In other contexts, it's more helpful to think of disorder explicitly as associated with an energy scale that I'll call \(\delta\).  Some sort of structural change in a material away from ordered perfection leads, on some length scale, to a shift in electronic energies by an amount of typical magnitude \(\delta\).  The question then becomes, how does \(\delta\) compare with other energy scales in the material?  The case above where \(k_{\mathrm{F}} \ell < 1\) roughly corresponds to \(\delta\) being comparable to the electronic bandwidth (the energetic extent of \(E(\mathbf{k})\).  When one wants to think about the effects of disorder on superconductors, an important ratio is \(\delta/\Delta\), where \(\Delta\) is the superconducting gap energy scale of the ordered case.   When one wants to think about the effects of disorder on some fragile emergent phase like a fractional quantum Hall state, then a relevant comparison is between \(\delta\) and the relevant energy scale associated with that state.  
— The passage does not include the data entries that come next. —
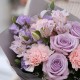 3 сиреневые розы с гвоздикой и альстромерией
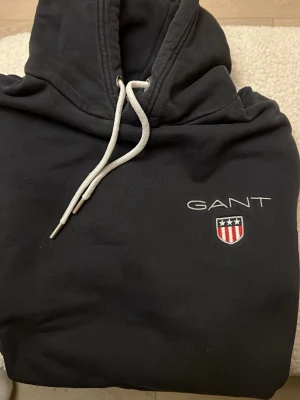 Gant Hoodie  - Mörk blå med huva 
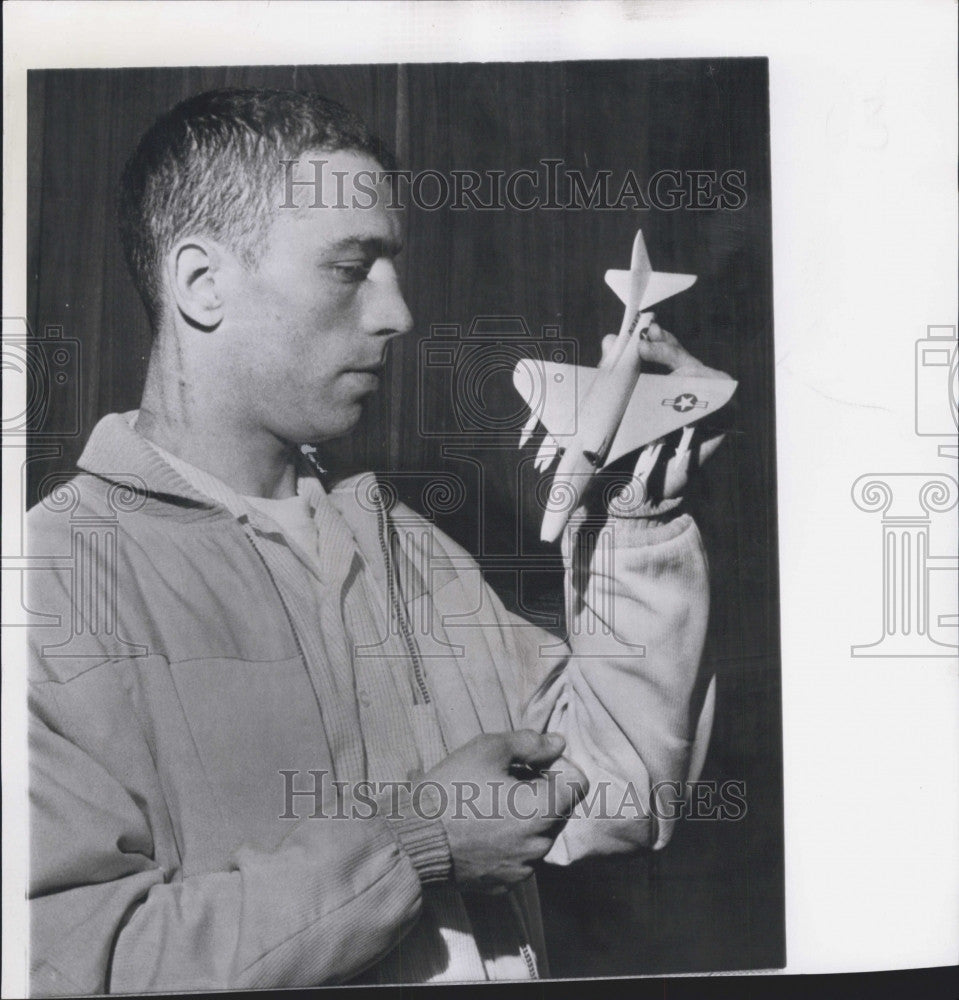 1963 Press Photo Navy pilot Lt William H Geretry &amp; model of A4B plane - Historic Images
TL/DR version:  "Disorder" is a catch-all term, and it is quantified by how strongly the system is perturbed away from some target ordered condition.  

It's worth remembering that some of the progenitors of modern physics thought that it would be impossible to learn much about the underlying physics of real materials because disorder would be too severe and too idiosyncratic (that is, that each kind of defect would have its own peculiar impacts).  That's why Pauli derisively said "Festkörperphysik ist eine Schmutzphysik" (solid-state physics is the physics of dirt).   Fortunately, we have been able to learn quite a bit, and disorder has its own beautiful results, even if it continues to be the bane of some problems.

Sunday, May 09, 2021

Catching up

As may be obvious from my pace of posting, the last couple of weeks have been very busy and intense for multiple reasons.  I hope that once the academic year really ends I can get back into more of a routine.
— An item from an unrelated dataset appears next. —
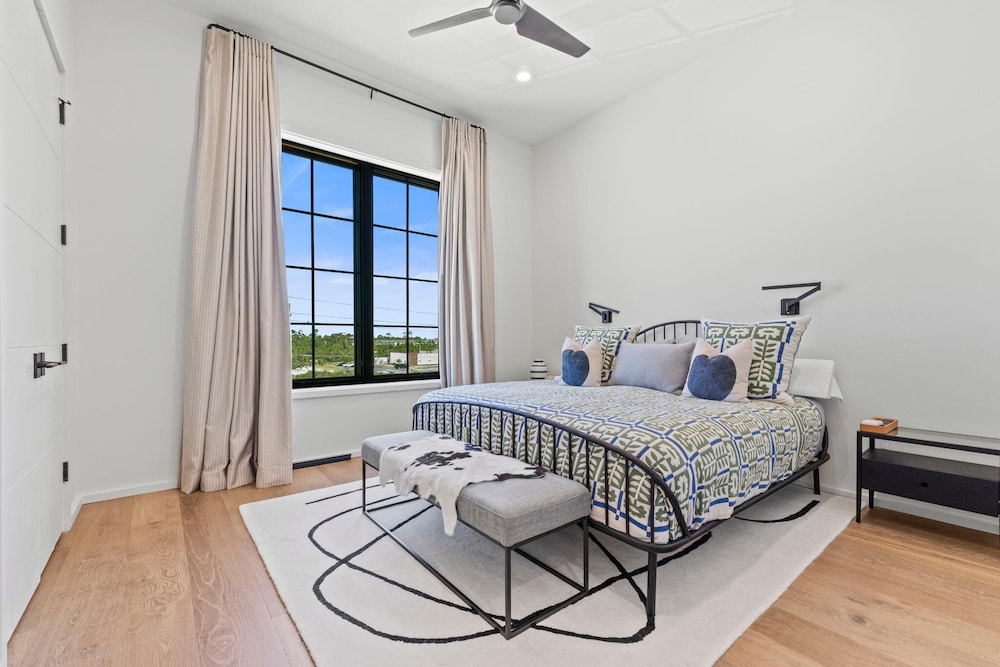 Casa Playa at Eleanor Beach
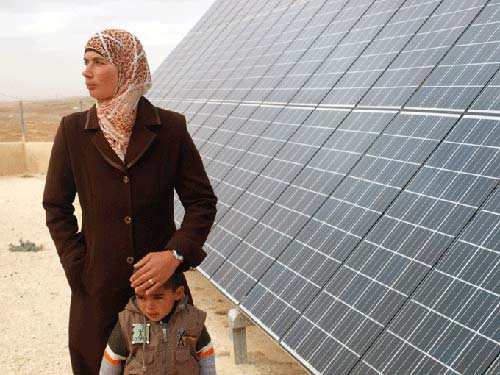 Destruction d'une centrale photovoltaïque palestinienne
Two notable stories this week:

  • Two papers were published back-to-back in Science (here and here, with commentary here) that demonstrate (a) that comparatively macroscopic mechanical oscillators - drumheads - can be operated as true quantum objects (cooled down to the point where the thermal energy scale \(k_{\mathrm{B}}T\) is small compared to the quantum energy level spacing \(\hbar \omega\) (this has been done before); and that these resonators can be quantum mechanically entangled, so that the two have to be treated as a single quantum system when understanding measurements performed on each individually.   This can be used, in the case of the second paper, to allow clever measurement schemes that shift measurement back-action (see here for a nice tutorial) away from a target system, enabling precision measurements of the target better than standard quantum limits.  
  • IBM has demonstrated 300 mm wafer fabrication of integrated circuits with features and techniques for the upcoming "2 nm node".  As I've mentioned before, we have fully transitioned to the point where labeling new semiconductor manufacturing targets with a length scale is basically a marketing ploy - the transistors on this wafer do not have 2 nm channel lengths, and the wiring does not have 2 nm lines and spaces.  However, this is a very impressive technical demonstration of wafer-scale success in a number of new approaches, including triple-stacked nanosheet gate-all-around transistors.